SEIU's local chapter, which represents more than 1,200 janitors who clean the majority of the region's office space, formed in December. Leaders are seeking increased pay and better access to health care for members. SEIU has been negotiating with cleaning companies since March but have made little progress, and the union voted July 14 to authorize a strike. Federal law bars companies from permanently replacing workers if they strike to protest unfair labor practices. Also, a group of faith leaders is showing support for the union-organizing effort. Several clergy members gathered last week at Rockdale Baptist Church in Avondale to talk about the movement.
"These people make up the heart and soul of our churches," said the Rev. Gregory Chandler, who heads the AMOS Project. Churches must not only be concerned about people's spiritual needs but also with their welfare and health, he said. "It's all important to God," he said, "and because it's important to God it's important to us."
Attending the event was Dena Smith of Avondale, a janitor who makes $7 per hour and has no health care coverage for herself or her three sons, ages 14, 11 and 7.
"I can barely keep up on my rent sometimes," she said. "I can barely keep up on my phone bill. With (my sons) by my side and looking at them every day, that makes me go to work and that makes me want to do what I have to do so they don't have to go through what I'm going through right now."
Many of the people who seek food at church pantries have jobs but can't afford to take care of their families on their salaries, says the Rev. Rousseau O'Neal, president of the Faith Community Alliance and head of the Rockdale Baptist Church.
"The 'working poor' is an oxymoron statement," O'Neal says. "That is ludicrous, working in poverty. Those who do the most work make the least amount of money."
Rounding Up the Newcomers
A proposal in the Ohio House of Representatives includes some extreme standards and unfunded mandates designed to root out, punish and remove "illegal aliens" from the Buckeye State. In addition to making "illegally transporting or concealing an alien" a third degree felony -- equivalent to possession of chemicals for the manufacture of drugs, supporting terrorism, facilitating a riot and unlawful sexual conduct with a minor -- the bill would require all state agencies and contractors to participate in a "system to verify the eligibility status of all new employees."
State Rep. Courtney Combs (R-Hamilton) is the sponsor of the yet-to-be-numbered bill. There is no documentation to prove these provisions and others will have any impact on the number of undocumented workers in Ohio, according to Jason Riveiro, president of the local chapter of the League of United Latino Citizens (LULAC).
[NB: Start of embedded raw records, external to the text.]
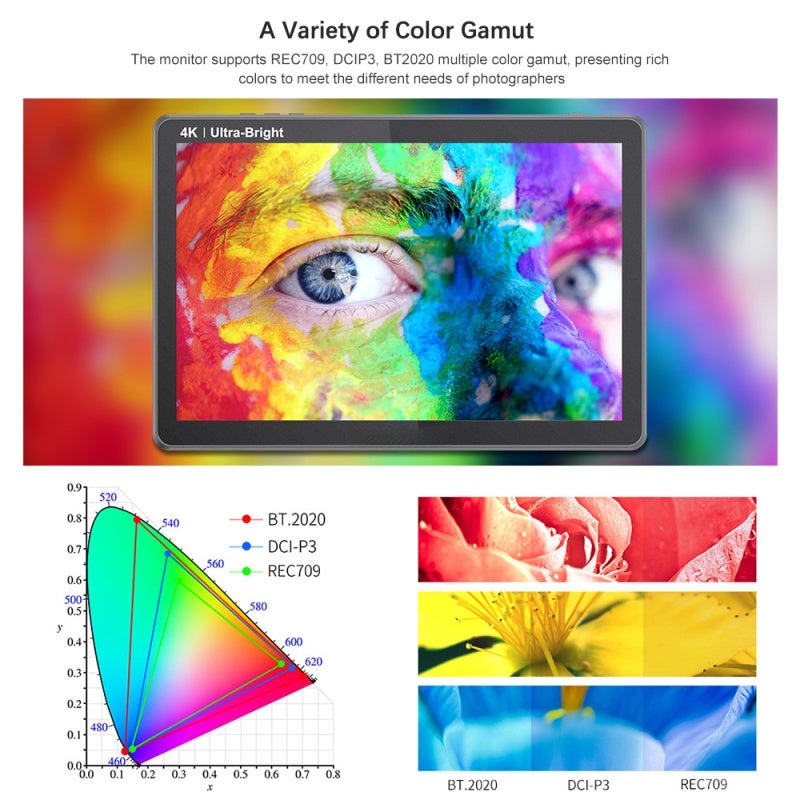 فيل وورلد شاشة مراقبة تصوير احترافية تعمل باللمس بدقة 4K وواجهة HDMI - ميزات مراقبة متقدمة تشمل عرض شكل الموجة والمدرج التكراري للألوان (RGB) ومتجه الألوان وإبراز البؤرة والنطاق الديناميكي العالي (HDR) لمراقبة الكاميرا أثناء التصوير في الموقع وما بعد الإنتاج - Image 3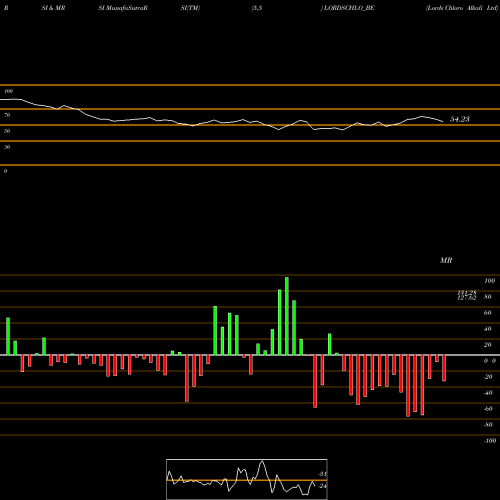 RSI & MRSI charts Lords Chloro Alkali Ltd LORDSCHLO_BE share NSE Stock Exchange 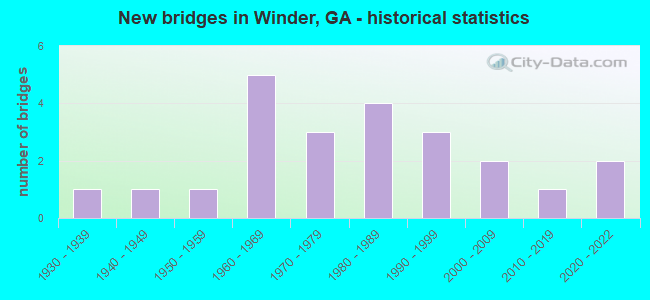 New bridges in Winder, GA - historical statistics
"Just as important as it is to enforce the issue, I think it goes hand-in-hand that we need to have a monitoring system for racial profiling," Riveiro says. "Everything that they want to do with transportation -- that they're going to crack down on anyone who transports illegals -- how are they going to enforce that? There's going to be racial profiling. They need some sort of accountability on their end. This country has a proven track record having issues with that. If the FBI had problem with it, local government is going to have problems with it."